Scotland 6-13 England: Visitors reclaim Calcutta Cup and keep Six Nations title hopes alive

Media caption,

Six Nations highlights: Scotland 6-13 England

Six Nations

Scotland (0) 6

Pens: Hastings 2

England (3) 13

Try: Genge Con: Farrell Pens: Farrell 2

England won back the Calcutta Cup and kept their Six Nations title hopes alive with a turgid victory over Scotland in awful weather conditions.

Ellis Genge barrelled home for the only try with 10 minutes remaining as driving rain and strong gusts made for a disrupted, error-ridden contest at Murrayfield.

The result meant Scotland fell short of a third-straight Calcutta Cup, but England climb level on points with second-placed Wales, four adrift of unbeaten leaders Ireland.

Captain Owen Farrell struck a penalty in either half, missing three more attempts from the tee as the weather contributed to a low-scoring affair.

Adam Hastings replied twice for Scotland, his 78th-minute kick ensuring Gregor Townsend's men pick up a second losing bonus point in as many weekends.

'Rugby from another dimension'

This was a much-needed victory for England after a bruising loss in Paris. Eddie Jones' men just about deserved it, but the contest was wretched, a million miles from the epic 38-38 draw of last season.

A losing bonus point will come as small comfort to Townsend. The Scots found it ferociously difficult to live with Sam Underhill and Tom Curry at the breakdown and impossible to catch their own ball in the line-out. The key moment was a dreadful mistake by Stuart Hogg, for the second week running.

Storm Ciara was due to blow into town in time for the kick-off and, sure enough, an hour or so before it all began, she fetched up with her rain and her gales bringing any notion of an attacking spectacle to its knees.

It was brutal out there. Scotland lost five line-outs, and precious momentum, in the opening 40 minutes - some down to crass errors, most of them due to the foul conditions. England, who couldn't have been playing more conservatively had they all taken the field with Tory party rosettes on their jerseys, lost two.

Media caption,

Scotland 'have to remedy five-minute period' - Townsend

Playing against the wind, they kicked ball after ball, forcing errors from Scotland and taking the lead when the home side were done on the floor. Farrell missed his first penalty earlier, banged over his second and missed his third.

This was rugby from another dimension. Had a woolly mammoth, extinct for an age, wandered across the pitch you wouldn't have missed a beat. Had a try been scored it would have been a moment of genuine shock and awe.

Scotland wasted great field position last week in Dublin and they let a few opportunities slip here as well. England were dominant at the breakdown, but error-strewn in so many departments. Everything was understandably, but maddeningly, stop-start.

Hogg's 'howitzer mess-up'

The hosts had a bit more about them in the second half, beginning with a thunder that was sparked by big Rory Sutherland, the renaissance prop who came steaming back into Test rugby in Dublin. Sutherland's big bust of the English defence was the catalyst for Scotland drawing level.

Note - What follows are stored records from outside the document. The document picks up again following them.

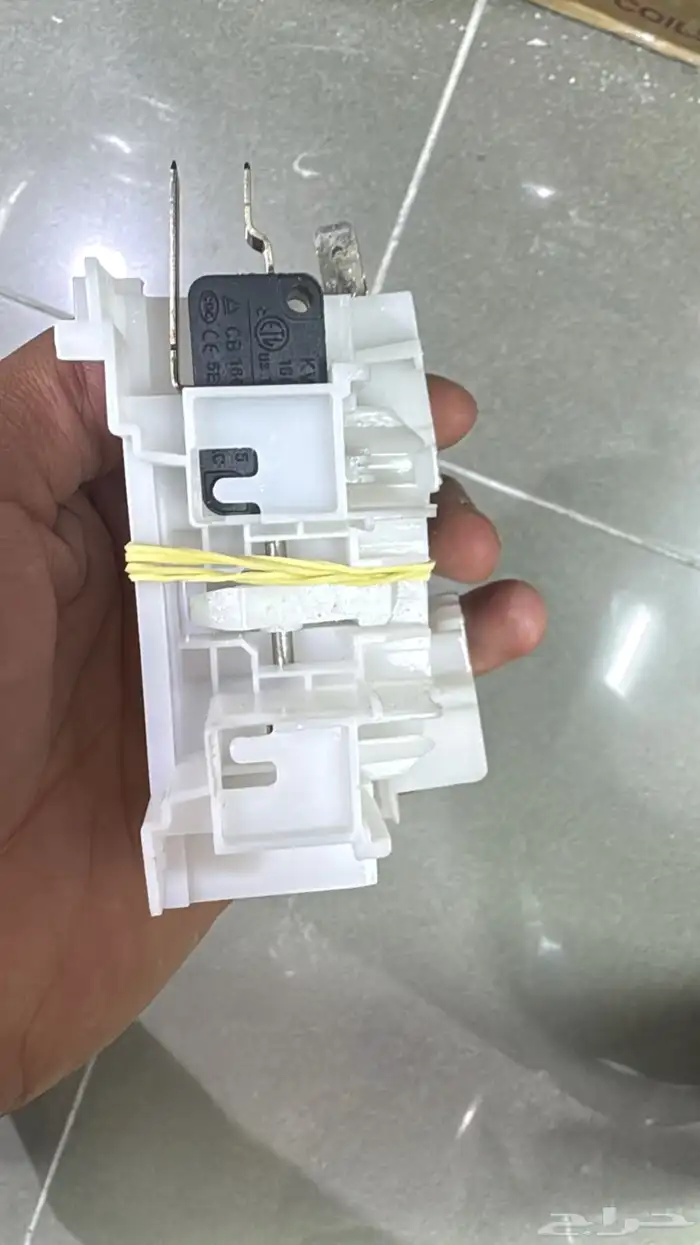 لقطع غيار المكيفات والغسالات والثلاجات والأفران في جدة 62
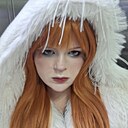 Знакомства: Кира, 19 лет, Санкт-Петербург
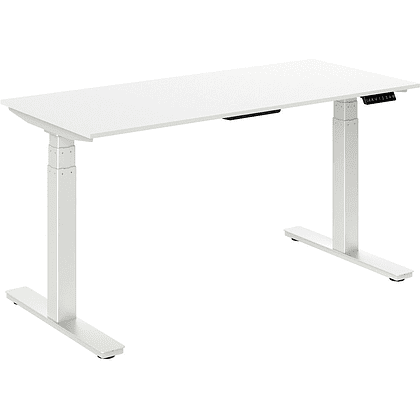 Комплект WellDesk Flagman (регулируемый по высоте каркас арт. 9022027 и столешница арт. 9041928)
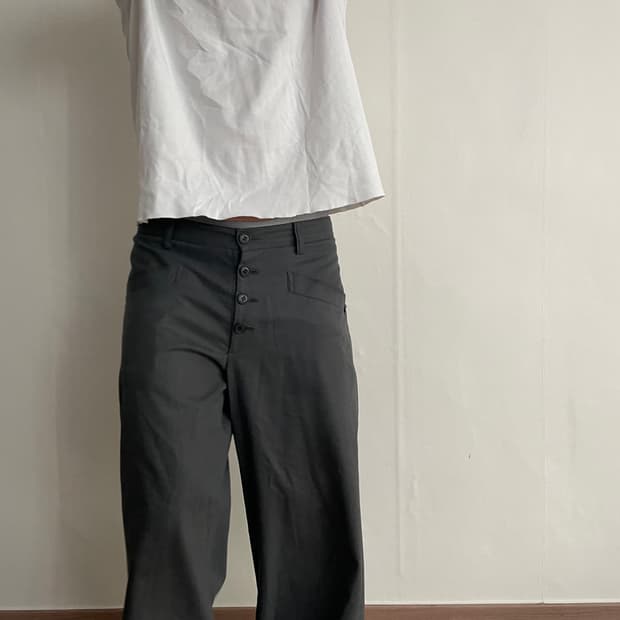 midwest homme trouser
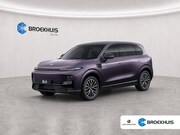 Leapmotor B10 - Design Hybrid EV 18.8 kWh | €1500, -- korting !! | Achteruit
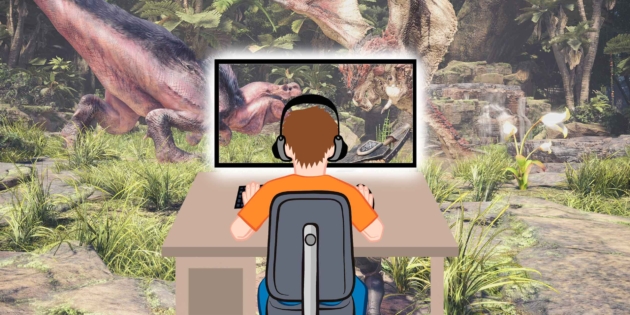 monster hunter world �� ��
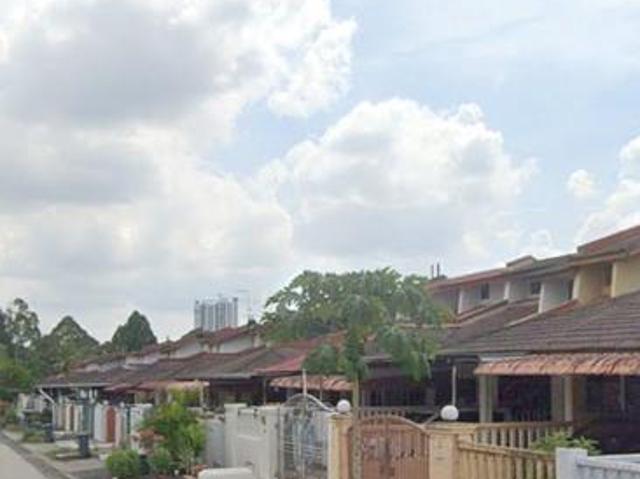 Terraced House for rent in Johor Bahru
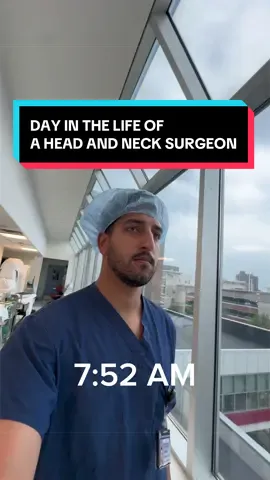 An average day for an average guy ✂️👨‍⚕️ #medicine #surgeon #residency #premed #medicalschool 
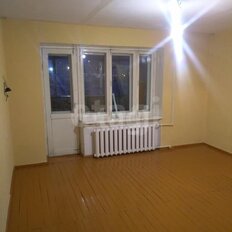 Квартира 34 м², 1-комнатная - изображение 1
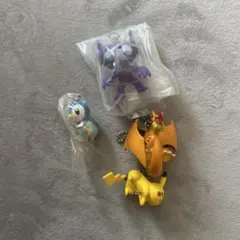 ポケモン キーホルダー まとめ売り ★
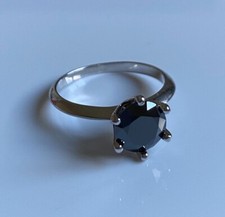 Anello argento s925 usato  Villanova d'Albenga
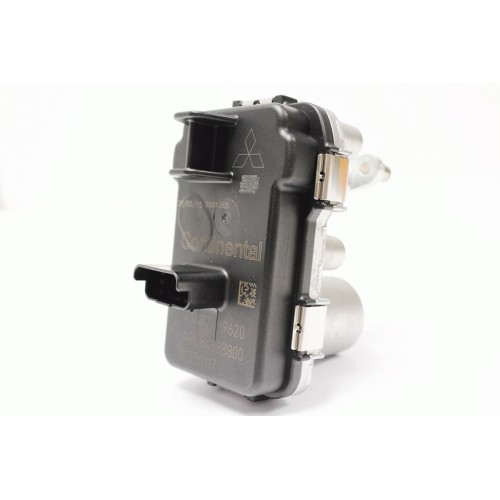 Actuator turbina 2200cc diesel Discovery Sport Range Rover Evoque LR065510A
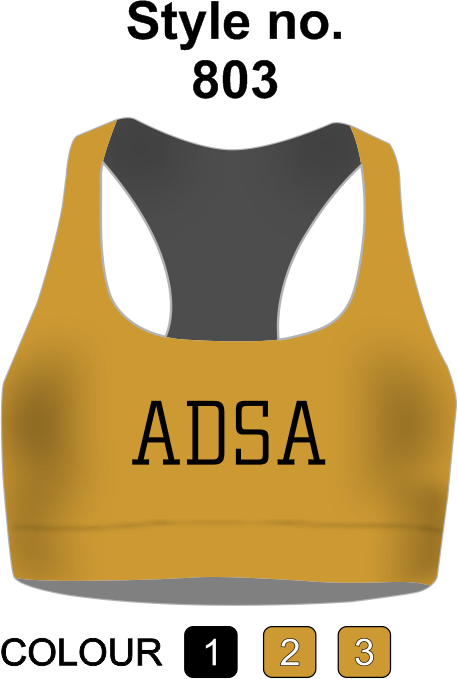 TRACK SINGLETS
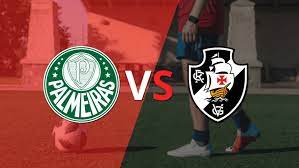 Palmeiras vs Vasco – Nhận định kèo bóng đá 04h30 28/08/2023 – VĐQG Brazil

England survived a battering, their defence holding out against Scotland surges. That home pressure didn't bring them a try - on a day when a try was always going to be good enough to get the win - but they left with three points from Hastings after Underhill was penalised for not releasing.

They came again when George Ford and Jonny May fluffed their lines in defence and more heat was piled on through hard carries from Sutherland and Zander Fagerson and their hard-running chums. England held out, perhaps a little luckily. Kyle Sinckler lifted the siege with a rip from Jonny Gray but did it while he was on the floor.

The blunder count rose high, towering over the top of the stadium. Scotland lost a seventh, and later an eighth line-out, and Farrell missed a third shot at goal. Onwards we went, ever deeper into mistake-land.

The absolute howitzer mess-up came from Hogg, a week after his spectacular spill over the Irish tryline. This was the game. The Scotland captain retreated to deal with a ball under his posts, but made a desperate hash of it. Initially, it looked like he'd spilled it to Farrell, who immediately touched down.

The TMO advised that Hogg had carried it over his line but had, indeed, grounded the ball. So, scrum England. And try England. They went through a couple of phases, got it to Genge and then launched Maro Itoje, Curry and Ben Earl in behind him to power over. Farrell converted for a 10-3 lead. Scotland were distraught.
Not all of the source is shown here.